That explains everything.
“As your physician, I approve,” says the physician who’s acting like anything but. “Either way, you two are going to stay here until we resolve this little issue you’re both having.” Ziegler flips open her notebook and clicks her pen. “I have spoken to you both individually before--”
“I was spoken at,” Widowmaker says.
“--but never together. As the team doctor, it’s my responsibility to ensure that we remain cohesive, and both of you,” she points her pen at Widowmaker and Tracer in succession, “are decidedly not.
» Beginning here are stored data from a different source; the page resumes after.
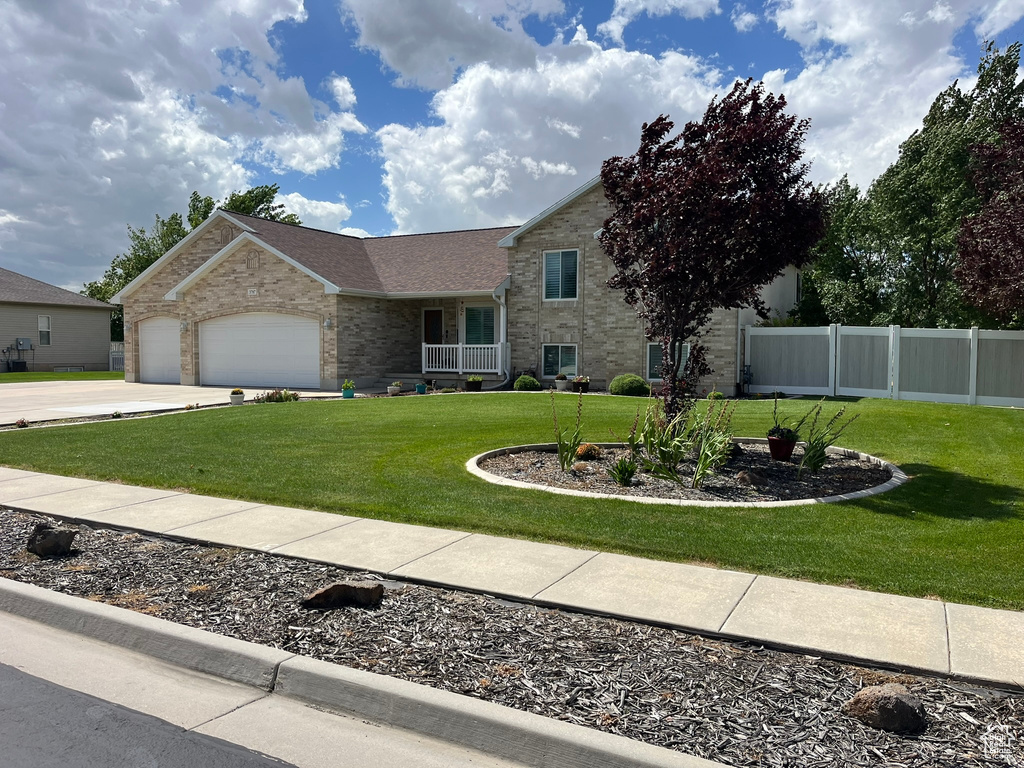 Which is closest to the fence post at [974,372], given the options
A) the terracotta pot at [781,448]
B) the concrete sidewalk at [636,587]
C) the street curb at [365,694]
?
the terracotta pot at [781,448]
Now let’s get to the bottom of why, though I do have a slight idea.”
“You know why.” That comes out as a hiss. Widowmaker is already running through the Google search she’s going to do after this. Local malpractice lawyer. Pro-bono.
“Yes, but why? ”
“Adding italics to your words does not make it philosophical.”
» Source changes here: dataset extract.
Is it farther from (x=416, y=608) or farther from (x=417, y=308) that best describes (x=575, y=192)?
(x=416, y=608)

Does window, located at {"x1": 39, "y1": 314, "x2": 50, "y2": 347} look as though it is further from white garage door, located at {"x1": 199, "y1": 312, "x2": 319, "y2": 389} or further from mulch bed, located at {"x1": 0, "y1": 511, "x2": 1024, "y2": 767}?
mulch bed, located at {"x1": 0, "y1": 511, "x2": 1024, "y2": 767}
“Hmm. Avoidant.” Scribble. “Lena?”
“What? Me? I didn’t do anything!”
“You didn’t. But your chronal accelerator always overheating near Amelie is a symptom of a deeper issue.”
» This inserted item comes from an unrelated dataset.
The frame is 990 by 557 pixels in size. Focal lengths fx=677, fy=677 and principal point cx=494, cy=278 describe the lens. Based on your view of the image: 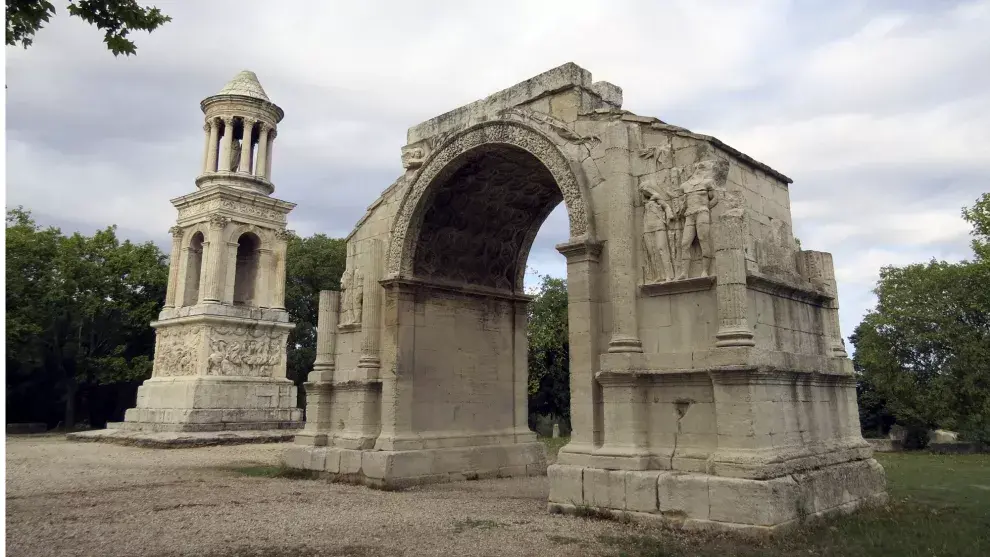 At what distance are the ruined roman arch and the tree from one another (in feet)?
17.6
“Whoa, wait, we talked about this. I told you Winston’s gonna look at it as soon as he has time.”
“Ah, but he did look at it, did he not? And he couldn’t find anything wrong with it.”
“Yeah, well, he just needs to look harder. Also why is this about me? Widow’s the one who violated me then chased me around trying to kill me and ran us off a cliff!”
“You threw us off a cliff.”
“Yeah but you decided to interrogate me next to a cliff and I was just trying to save you okay?”
“And look at where we are now.”
“Okay. That’s fair. Touché.”
While they were arguing, the scribbling reaches a feverish speed, the scratch scratch of nib against paper is grating, and Widowmaker gives Ziegler her best death glare. Unfortunately, it isn’t effective, because glaring in a neck brace is about as threatening as the barks of a small dog in a purse.
“Violated,” Ziegler says. Oh. Oh no. “Can you elaborate further on that, Lena?”
That stupid pup and her stupid yapping mouth. “She misspoke. She meant hurt. Physically. I physically hurt her.”
“I don’t think she did. I heard it quite clearly. Lena?”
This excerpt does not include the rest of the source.